-- ACTIVITY --
Nothing but the lines below, from the first through the line containing "Now the first", should be set down, each one exactly and without pictures.

-- DATA SHOWN --
_____

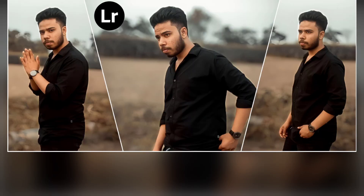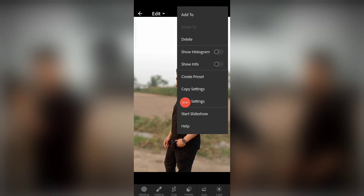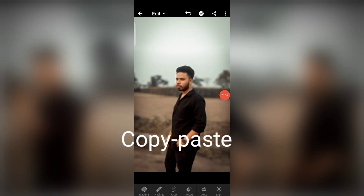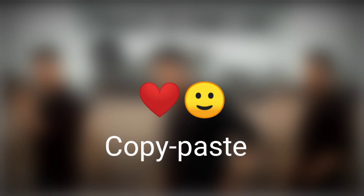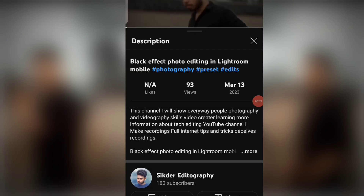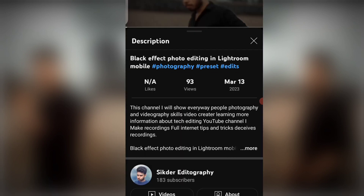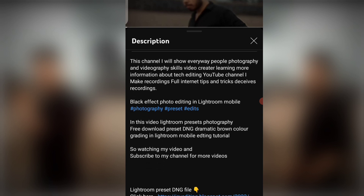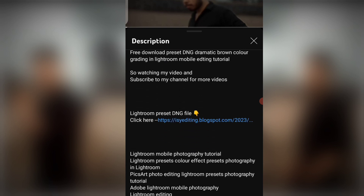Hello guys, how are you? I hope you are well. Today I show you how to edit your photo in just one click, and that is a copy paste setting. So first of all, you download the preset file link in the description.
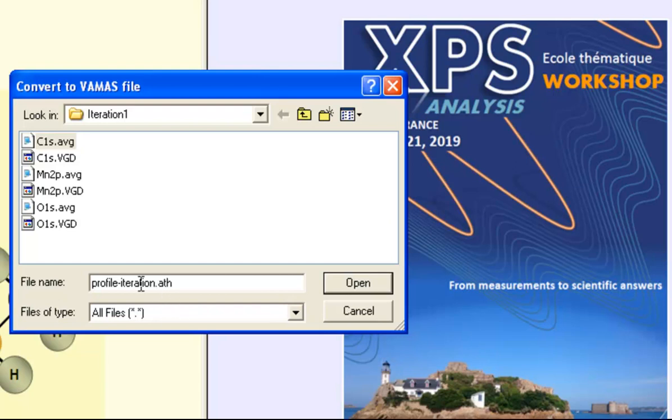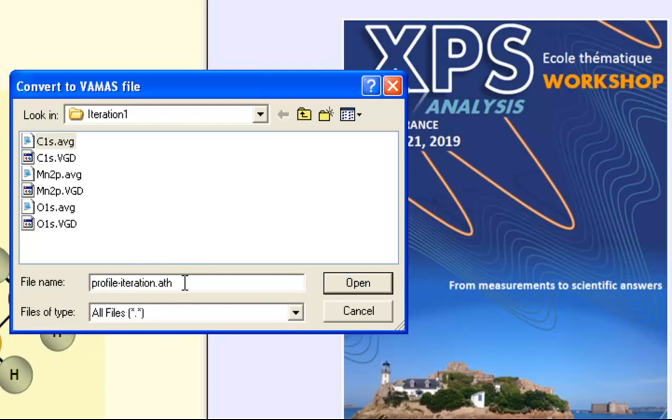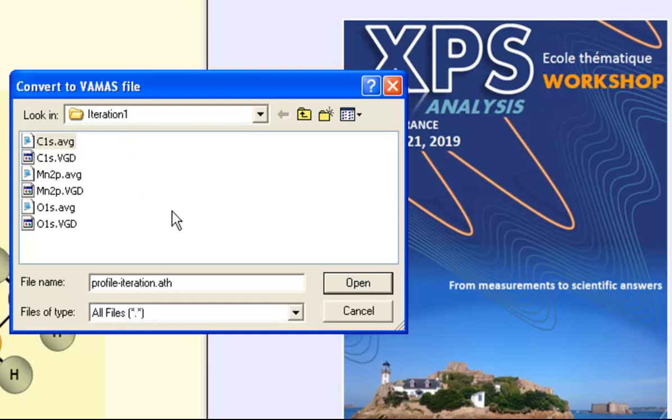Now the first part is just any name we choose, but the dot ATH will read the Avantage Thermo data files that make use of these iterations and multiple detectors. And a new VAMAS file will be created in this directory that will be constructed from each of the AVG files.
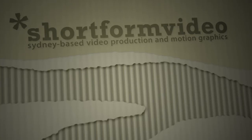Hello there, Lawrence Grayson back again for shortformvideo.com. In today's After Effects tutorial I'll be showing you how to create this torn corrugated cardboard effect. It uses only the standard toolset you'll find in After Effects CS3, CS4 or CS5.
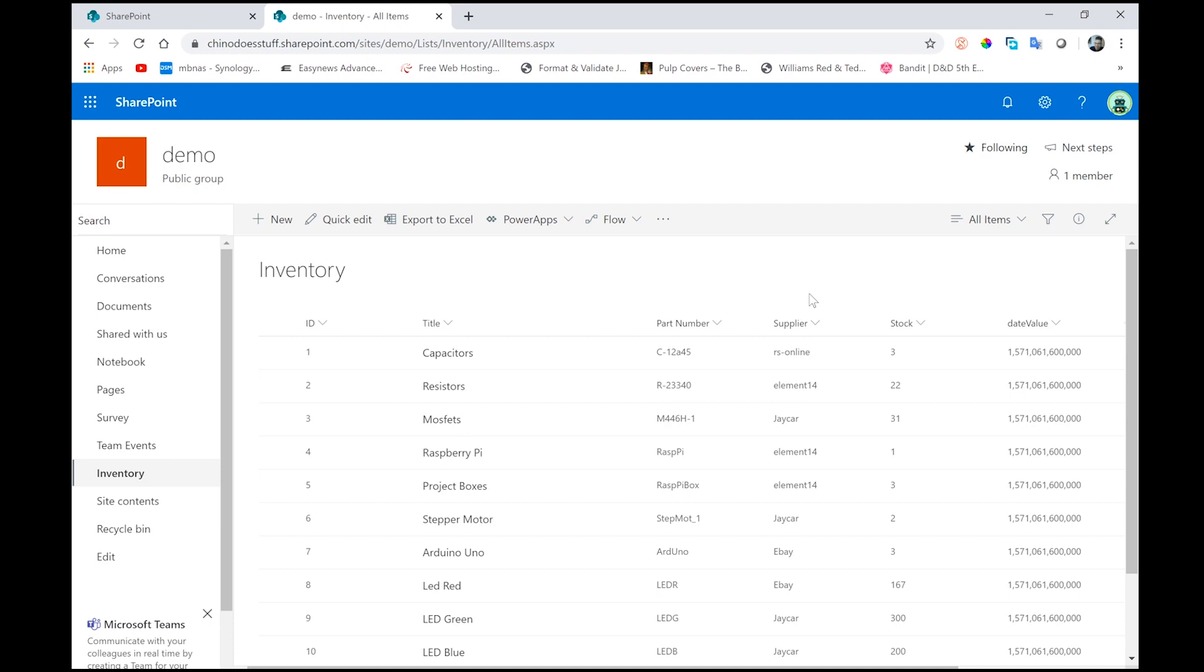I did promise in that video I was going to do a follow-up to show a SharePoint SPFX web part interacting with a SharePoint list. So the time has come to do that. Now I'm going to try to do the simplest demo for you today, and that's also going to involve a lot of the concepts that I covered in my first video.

_____

-- SOLUTION TO THE PROBLEM --
Hello guys, how are you? I hope you are well. Today I show you how to edit your photo in just one click, and that is a copy paste setting. So first of all, you download the preset file link in the description.
Now the first part is just any name we choose, but the dot ATH will read the Avantage Thermo data files that make use of these iterations and multiple detectors. And a new VAMAS file will be created in this directory that will be constructed from each of the AVG files.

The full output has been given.